Djinn est un scénario de Jean Dufaux qui est l’un des scénaristes les plus renommés de la BD actuelle. Il compte à son actif plusieurs séries à succès, Jessica Blandy, Rapaces, Murena, Croisades, et d’autres qui ont l’estime de la critique, telle Les Rochester. Il est à mes yeux le scénariste qui sait le mieux développer ses récits en fonction du style et des habilités du dessinateur auquel il s’associe. La force du dessin de Mirallès est la sensualité qui en émane. Cette dessinatrice prodigieuse sait par un trait élégant et précis dessiner des femmes exquises et désirables. Ses décors sont luxuriants et chatoyants, précis et débordants. Les couleurs vives contrastent avec de subtils pastels pour donner des atmosphères aériennes et feutrées qui marquent le ton de la série. Comme Mirallès avait déjà réalisé une BD érotique et par la suite Eva Medusa, où la sexualité est torride à souhaits, Dufaux ne pouvait faire autrement en s’associant à Mirallès que de créer une série où l’érotisme se devait d’être mis à l’avant-plan.

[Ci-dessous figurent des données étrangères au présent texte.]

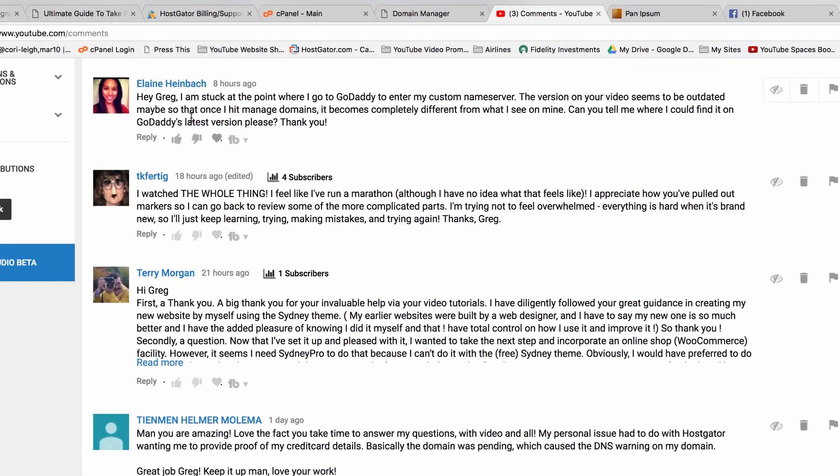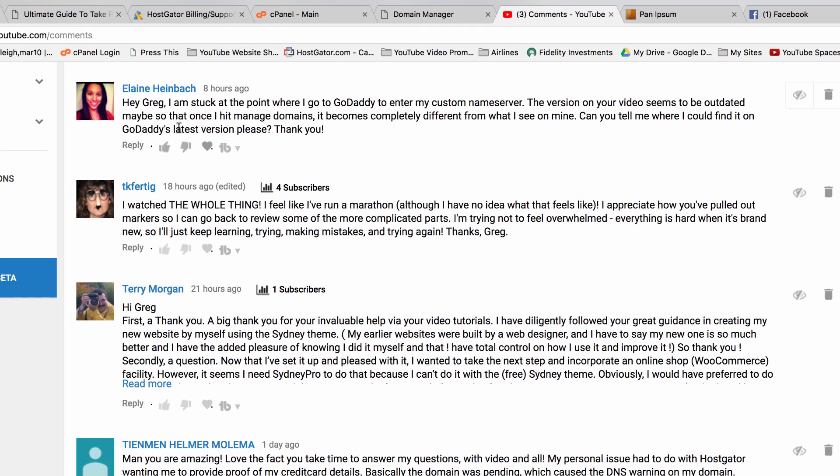Welcome back guys, today's video is for Elaine. Elaine says I'm stuck at the point where I go to GoDaddy to enter my custom nameserver. The version on your videos is outdated. You're right, I'm sorry, I don't know why they do that to us. It comes completely different from what I see on mine. Can you tell me where I can find it? Absolutely.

De cette union allait jaillir une des plus éclatantes réalisations de la BD de ces dernières années.
Alors, si on me demande pourquoi il n’y a pas plus de femmes dans la BD, je répondrais qu’il serait bénéfique pour le genre que l’on fasse en sorte qu’elles sortent de l’ombre et qu’elles soient en nombre toutes aussi lumineuses.
La série Djinn de Jean Dufaux et Anna Mirallès est publiée chez Dargaud.